[Short web captions]
---
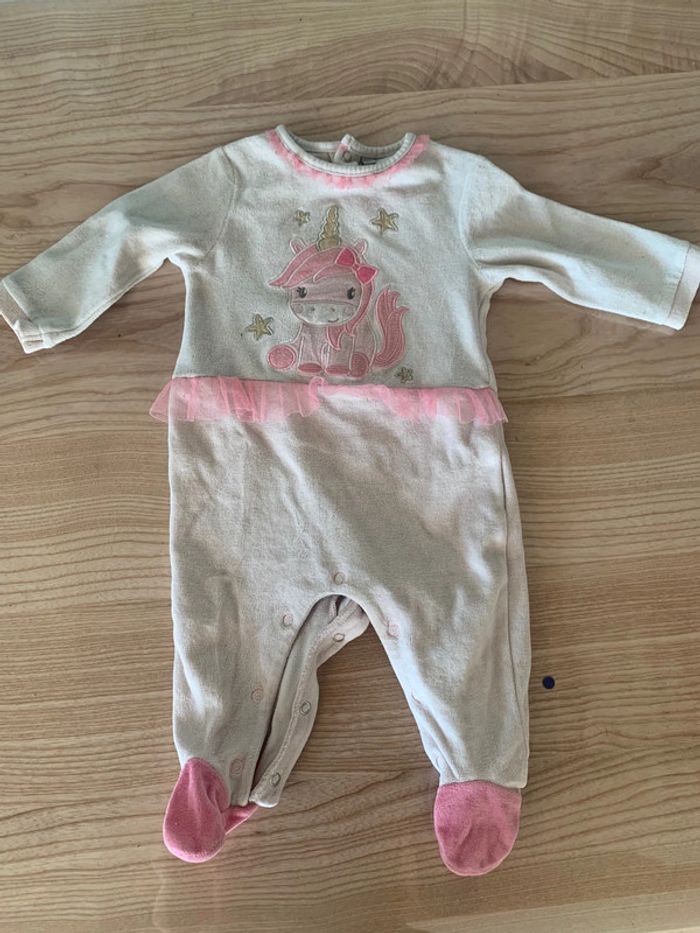 Pyjama fille licorne unicorn 6 mois très bon état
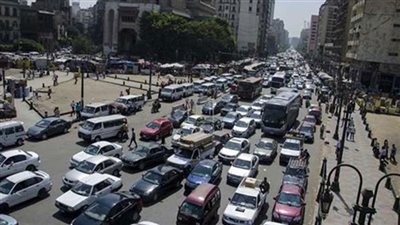 الإسكان: تنفيذ محاور طرق وتطويرها للحد من تكدسات المرور بالقاهرة الجديدة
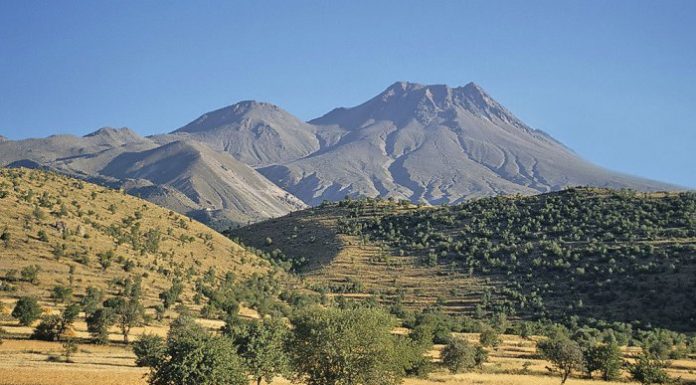 Τουρκία: Φόβοι για έκρηξη ηφαιστείου μετά από σειρά σεισμών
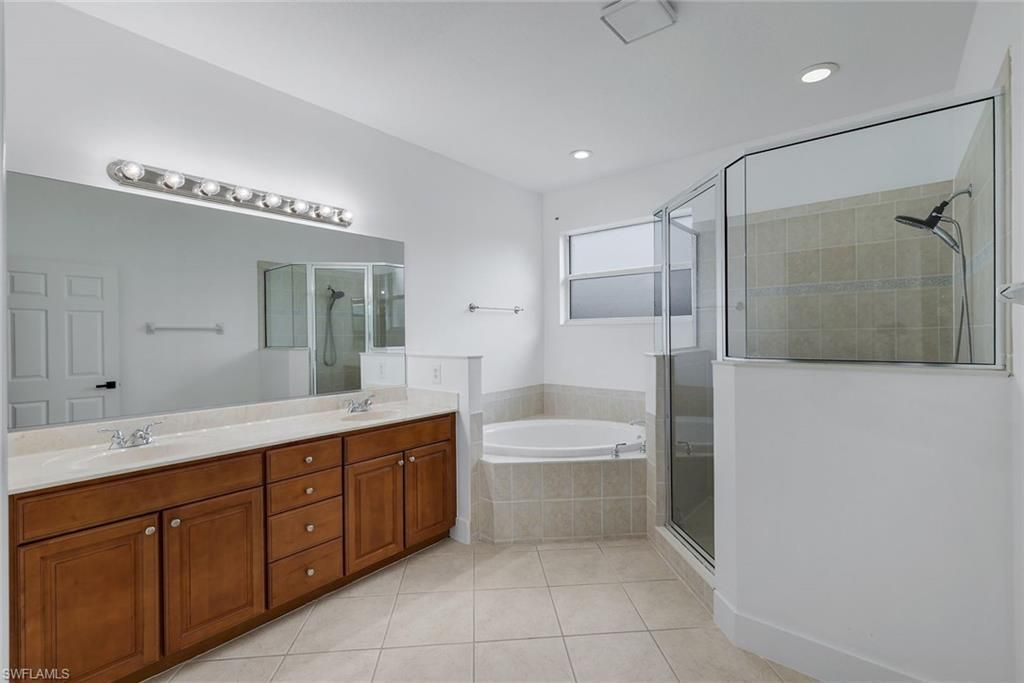 20370 Larino Loop, Estero, FL 33928 Photo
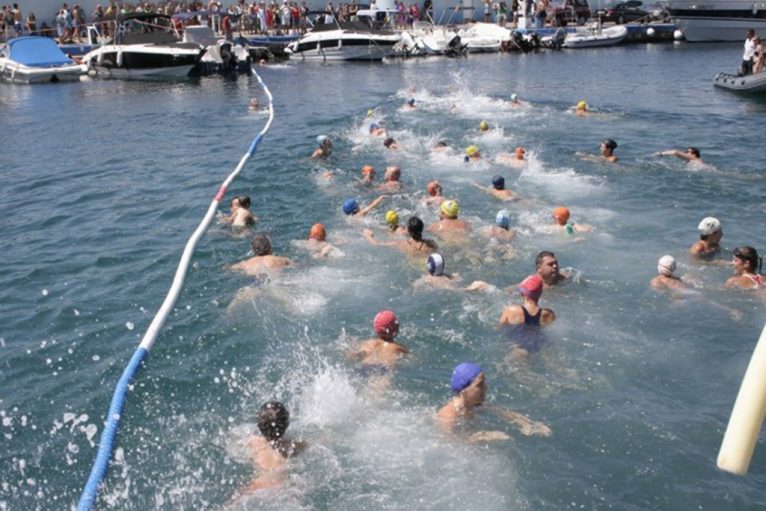 La II Travesía de Aguas Abiertas de la Marina Alta comenzará el 12 de julio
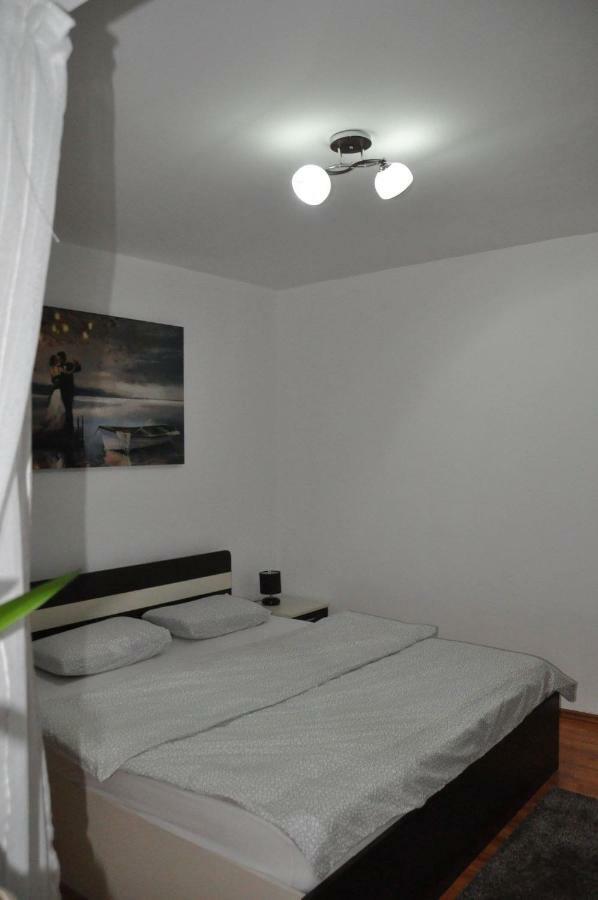 Mario Apartments Resita Ngoại thất bức ảnh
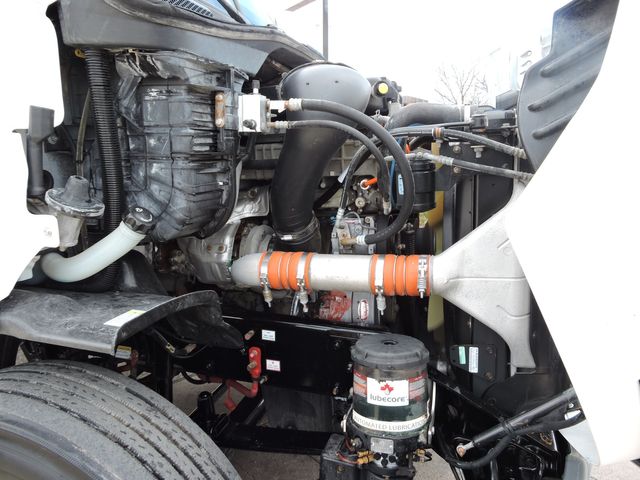 2016 Freightliner Cascadia Mid-Roof Daycab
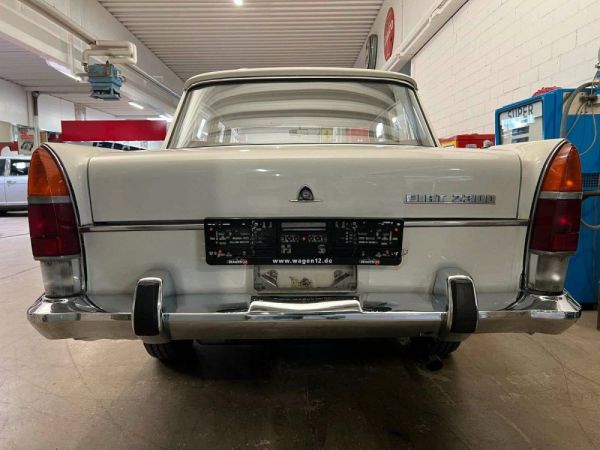 Fiat 2300 1964 114640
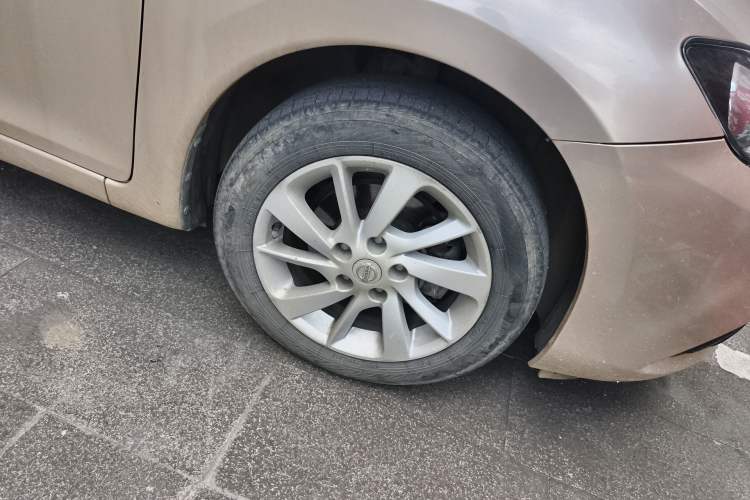 Used Nissan Tiida 2016 1.6L CVT Cool Dynamic Edition
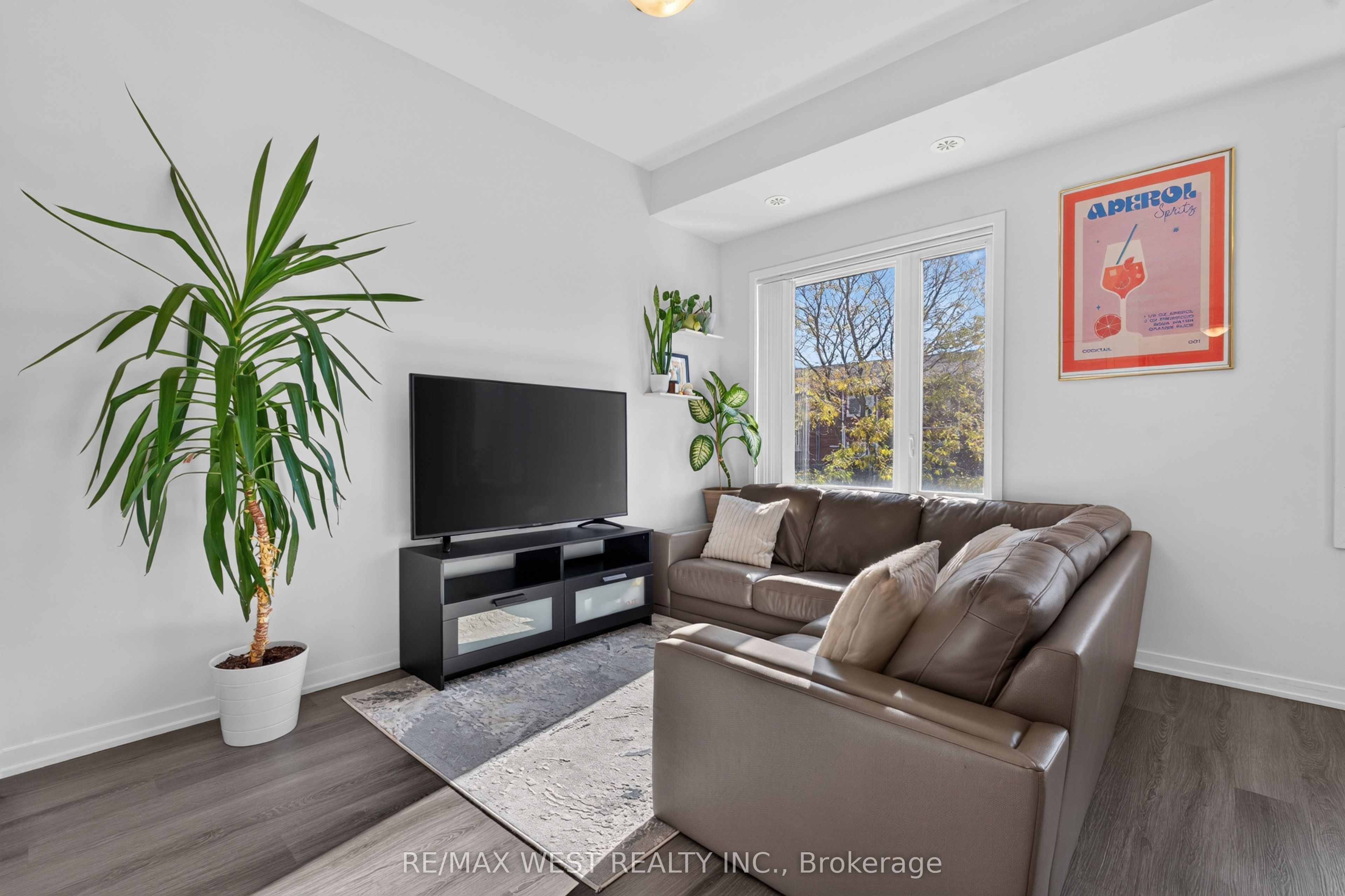 5 William Jackson Way 68 Property Photo 2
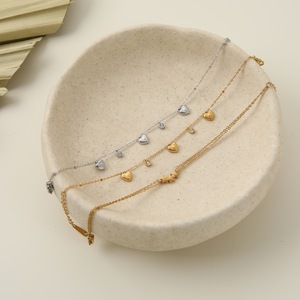 Braccialetto Trendy con Ciondolo a Cuore in Acciaio Inossidabile Placcato Oro Vero, Bracciali con Zirconi Rotondi e Pendenti a Stella e Cuore per Donne e Ragazze - Product Image 4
---
Retype exactly, and only, the lines from the one containing "5 William Jackson Way 68 Property Photo 2" through the end of the records above. Pictures stay out of the copy.

WRITTEN RESPONSE:
 5 William Jackson Way 68 Property Photo 2
 Braccialetto Trendy con Ciondolo a Cuore in Acciaio Inossidabile Placcato Oro Vero, Bracciali con Zirconi Rotondi e Pendenti a Stella e Cuore per Donne e Ragazze - Product Image 4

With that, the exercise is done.